The trend continues to be stacked towards the wealthiest 1 percent and towards increased corporate control of the national economy. A trade agreement like the Trans-Pacific Partnership (TPP) makes the rules of the game even more complex opening the door for greater inequality because it ostensibly undermines regulatory frameworks like Dodd-Frank banking regulations that were put into place to redress the imbalances created by deregulation decades earlier. It's a no-win situation where large corporations have become people and people are becoming disempowered. Corporations are winning. People are losing. Yet, whenever that point is brought up, conservatives and even middle of the road Democrats cry foul -- as if by stating the obvious one is somehow un-American or against capitalism.
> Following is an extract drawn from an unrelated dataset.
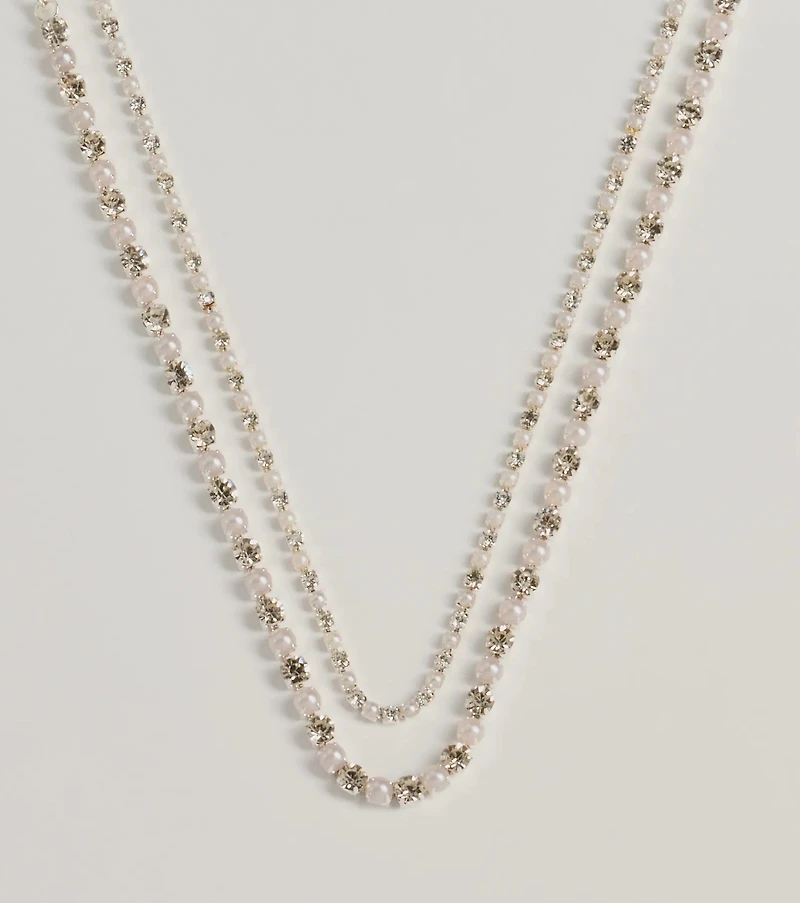 Shimmering Treasure Rhinestone And Pearl Choker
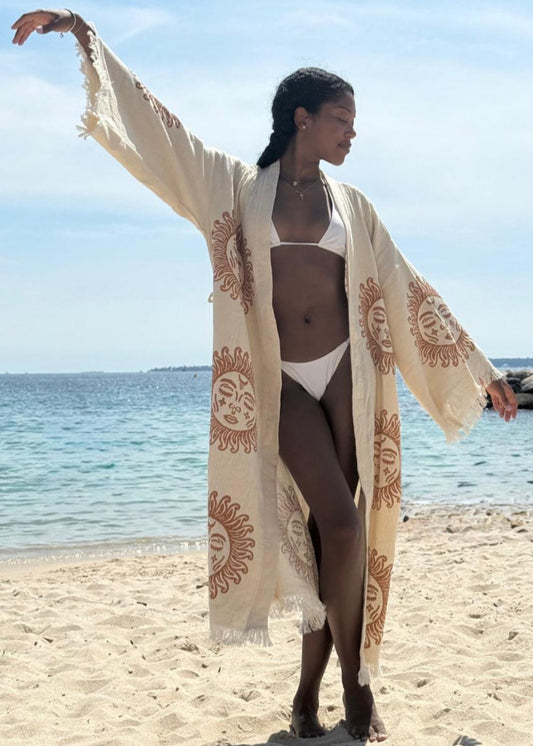 Kimono Femme Soleile - Coton  Élégance Naturelle & Artisanat Authentique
How could we have gone so far down this slippery slope and why does it matter? As conservatives reached their ascendancy in the 1980s so did their economic policies. Neoliberalism and free trade were supposed to enrich the lives of the people. Instead, Americans have borne witness to dramatic job losses correlated to free trade agreements like NAFTA and DR-CAFTA, enormous trade deficits and in the last decade or so, wide-spread wage stagnation, although the nation's productivity increased by 25 percent. America is clearly no longer a nation of shared prosperity. The global economic system has reached a tipping point that requires correcting the direction where labor and finance markets are heading. The passage of the TPP will not accomplish this - in fact, given recent history, there is ample evidence that the country will likely experience more job loss, even higher trade deficits and continued wage stagnation. Contrary to conventional wisdom, as currently negotiated, trade agreements have proven to be job exporters and wage depressors.

The definition of insanity according to Albert Einstein is to do the same thing over and over again and expect a different outcome. Maintaining the status quo has become dangerous and costly. With military, health care, Social Security, and interest payments on the debt eating up almost all of today's federal revenues, there is little left for other critical programs that contribute to the building and expansion of a strong middle class. Since 1977 only the top 10 percent have experienced significant wage gains and there is no hard and fast economic rule that says it needs to be this way. If 49 percent of individuals who consider themselves middle-class are struggling from paycheck to paycheck, it indicates that something needs to be done. Systems are created by man. Systems can be reinvented. The proverbial "Gordian Knot" can be severed.

Sustained investments in infrastructure, research and development, and education and job training are critical to the future of the U.S. economy. Another massive trade experiment -- especially one that has been negotiated in secret primarily by corporations and that few people have been allowed to examine including the members of congress who are supposed to vote on it is not the light that will guide the country's economy out of darkness. Nobody begrudges the wealthy their wealth. The United States is an aspirational society after all. What they do begrudge is a rigged system that doesn't allow the average worker to lead a happy and healthy life -- one where their families are secure and their worries are lessened. The trade agreement under consideration makes no guarantees that it will create middle-class jobs, much less increase exports and grow the U.S. economy for all, not just the few. Our trade practices need to be re-examined, the process needs to be transparent, and those who sit at the table need to include representatives of working people not just wealthy corporations.